01.01.15 | planning application

Project Lacey Green

Determined to get the planning application in by the end of December, I finally submitted it around 6pm on New Year’s Eve! The entire process took place online through the Wycombe District Council Planning Portal, which can also be used to search for previous applications. Given there were two precedents for projects of a similar scale at St. John’s (a playground and pavilion built in 2009 and a timber gazebo erected in 2011) I decided not to seek pre-application advice, which can take a number of weeks and incurs a fee. There are clear guidelines which set out what drawings are needed for the application, and also information from the Chiltern Conservation Society about how to ensure new buildings engage with the vernacular tradition of the region. Given the site falls with the Chilterns ‘Area of Outstanding Natural Beauty’ conservation designation, and also within the Metropolitan Green Belt, it would be very hard to gain planning permission for a large scheme or a proposal deemed insensitive.

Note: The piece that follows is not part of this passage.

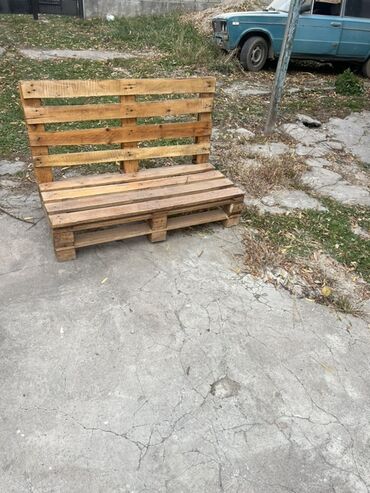 токмок шкаф: Комплект садовой мебели, Кресла, Дерево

The Conservation Society’s  ‘Chilterns Building Design Guide’, a 60-page document published in 2010, sets out a clear agenda which seeks to rectify what they perceive to be a mistaken planning policies of the 20th Century. In terms of settlement patterns, they are particularly critical of ‘ribbon development’ between the 1930s and 60s, which allowed ridge-top villages like Lacey Green to extend along roads, rather than in dense clusters. This suburban pattern not only increased distances between houses, but also gives the impression that the countryside is a lot more built-up than it really is. In relation to materials, there is a strong emphasis on using locally sources flint, black weather-board siding, red clay bricks and roofing tiles – all of which give local buildings distinctive characteristics specific to the area. The scale and form of new buildings are required to respond to the pattern of existing buildings, with pitched roofs given particular emphasis – the preference being for a steep double pitch over across a deep plan rather than a shallow single pitch. In general there is an insistence that new development accommodate the existing landscape in terms of topography and trees, and that buildings should be environmentally responsible. In light of this, contemporary ‘one-off’ buildings which are sensitive to their surroundings and incorporate renewable energy provision etc, are supposedly allowed – but it’s also clear that they ‘will require special justification’, which might be the ‘exceptional quality or innovative nature of their design…truly outstanding and ground-breaking’.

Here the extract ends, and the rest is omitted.